Retype all data exactly as given. Pictures should not be retyped.

**Collected material:**
────────────────────
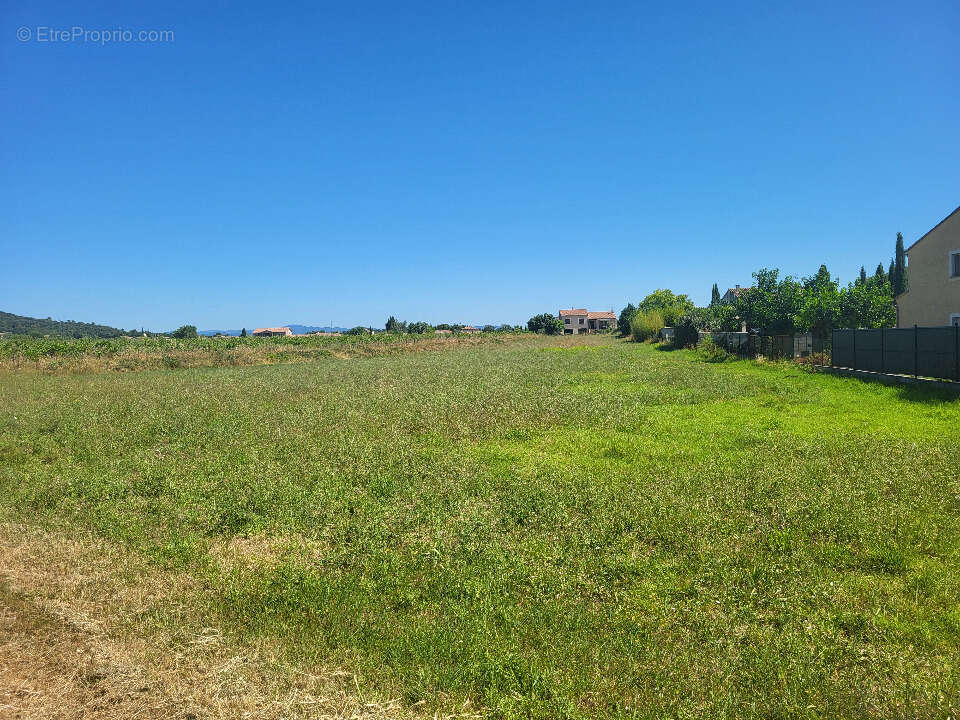 Terrain à RIBAUTE-LES-TAVERNES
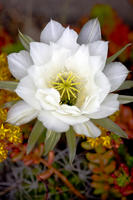 White Cactus Flower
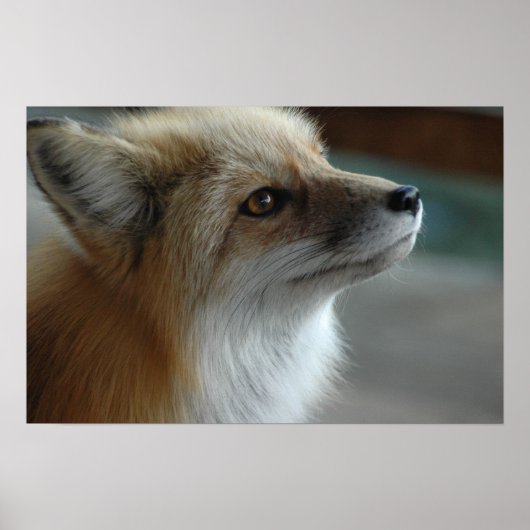 Poster Face de renard mignon (Devant)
────────────────────
**Finished task:**
 Terrain à RIBAUTE-LES-TAVERNES
 White Cactus Flower
 Poster Face de renard mignon (Devant)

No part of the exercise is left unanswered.